I currently have AWX 23.8.1 running using an external Postgres (with Crunchy operator) based on the v14.10 image, and I would like to migrate/clone to a new instance using another external Postgres (CNPG operator): since I want to test this I need to keep the existing AWX Crunchy (NS = awx) running while I test the new AWX CPNG (NS = awx2)…
I have tried to bootstrap the CNPG cluster with the live DB (which is based on pgdump and pg_restore) but it failed so far… so now I’m looking at the migration guide to achieve the same (I also considered awxbackup/awxrestore but feel like it’s even more complicated).
My questions:
first, is my idea possible?
I see we can specify secret_key and old_postgres_conf in the new AWX deployment but what if they are in a different namespace?
is it ok to go from Crunchy 14.0 to CNPG 16.3 from the AWX standpoint?
does the migration include all secrets for the mesh and execution nodes, so that the new AWX (CNPG) will reach out to the existing instances?
I apologize for all the questions but despite all my tentatives (from postgres and AWX sides) I haven’t been able to do what I’m trying to do and it’s becoming frustrating
Using the migration, can I clone an existing deployment (based on external crunchy postgres) into a new one based on external CNPG?
I would use Crunchy for old_postgres_conf and CNPG for postgres_config, the old secret_key and broadcast_key, and it would stand a new instance with the same secrets?
I tried cloning the DB and creating a new instance with the existing secrets but the deployment keeps failing after multiple DB migration attempts.
We have a complex topology of execution nodes and was wondering if they would stay locked to the old/running instance in case I stand a new/clone?

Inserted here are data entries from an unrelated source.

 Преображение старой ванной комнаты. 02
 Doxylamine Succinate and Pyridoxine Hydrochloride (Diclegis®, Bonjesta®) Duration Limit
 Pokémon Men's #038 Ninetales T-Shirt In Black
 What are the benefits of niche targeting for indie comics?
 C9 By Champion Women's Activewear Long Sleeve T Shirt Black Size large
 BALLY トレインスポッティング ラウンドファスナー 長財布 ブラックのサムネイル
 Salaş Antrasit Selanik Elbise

I was hoping to migrate them manually from one instance to the other when the clone is confirmed working…
IIRC, the migration does a pgdump > pgrestore from one active database connection to the other. Going from one external postgres to another should be fine. Cloning the DB can be problematic if there are technical differences in the postgres server reading the DB vs the one that created it.
Your execution nodes will stay with the old instance. In your new instance, you may not need to “create” your nodes, but you will need to download the install bundles again and reprovision the nodes to connect to the new instance.
Could you confirm that with the migration option both instances can run in parallel (in different NS)?
One more (last?) question: if the old secret and old-postgres-config are in another namespace (awx) and I want to deploy in a new namespace (awx2), when I create the AWX object for the migration and apply it to the “awx2” NS (where awx-operator runs as well, because I read it’s namespaced), will it get the secrets (key, broadcast and old-postgres) from the old “awx” NS?
No, I don’t think it works accross namespaces. What you can do is copy the secrets from the old namespace to the new namespace (same thing you would do if you were migrating from one cluster to another).
I think that should be fine. AWX recently upgraded from the docker postgres 13 image to the sclorg postgresql 15 image, and the upgrade process uses the same pgdump | pgrestore method.
I have an issue with my deployment and the operator is giving me the following error:
The task includes an option with an undefined variable.
The error was: list object has no element 0. list object has no element 0
The error appears to be in '/opt/ansible/roles/installer/tasks/migrate_data.yml': line 31, column 3, but may be elsewhere in the file depending on the exact syntax problem.
The offending line appears to be: - name: Set the resource pod name as a variable.
Sounds like it can’t find the old postgres pod (unmanaged) but it’s the same config as the running prod AWX (pg-cluster-primary.postgres.svc)…?
I have checked the old-postgres-configuration secret and it’s the same as the one in prod (which I copied), same for all predefined secrets which were copied from the running instance.
Here’s my AWX object, all secrets are created as part of the manifest prior to AWX (copied from other namespace):
Now I’m looking at it, the only thing I think of could be the operator version since I run v2.12.1 (AWX 23.8.1) in prod and the new one (for the migration) is running the latest operator v2.17.0.
Could this be the issue?
edit: just tried with operator v2.12.1 and I get the same error as before
Apparently, the migrations assume that the old config secret must refer to a managed instance, even though specifying a current config secret (without anything else) implies an unmanaged instance. I apologize, I didn’t think it worked like that.
What I think you can do instead, is migrate the data yourself directly from crunchy to cnpg, and then spin up a new awx-cnpg instance with only the secrets it needs for the cnpg database (i.e. leave out old_postgres_configuration_secret). I have a detailed post relating to migrating data between two pods for a botched upgrade. You’ll have to fiddle with the targeted hosts, username, and passwords, but I think it should work. I had the luxury of being able to use the environment variables and re-using the same credentials between hosts.
Sorry for the late reply but it took me time to get back to this.
So what I did is I built a playbook to backup/restore data from/to external postgres (using pg_dump and pg_restore) as well as all secrets, configmaps and the AWX CRD: heavily inspired from the existing roles but it works with external postgres this time.
I can then restore the DB automatically and manually recreate my AWX CRD using the secrets and config backups to redeploy AWX as a clone! (I ended up using only the secret-key and admin-password for my new instance).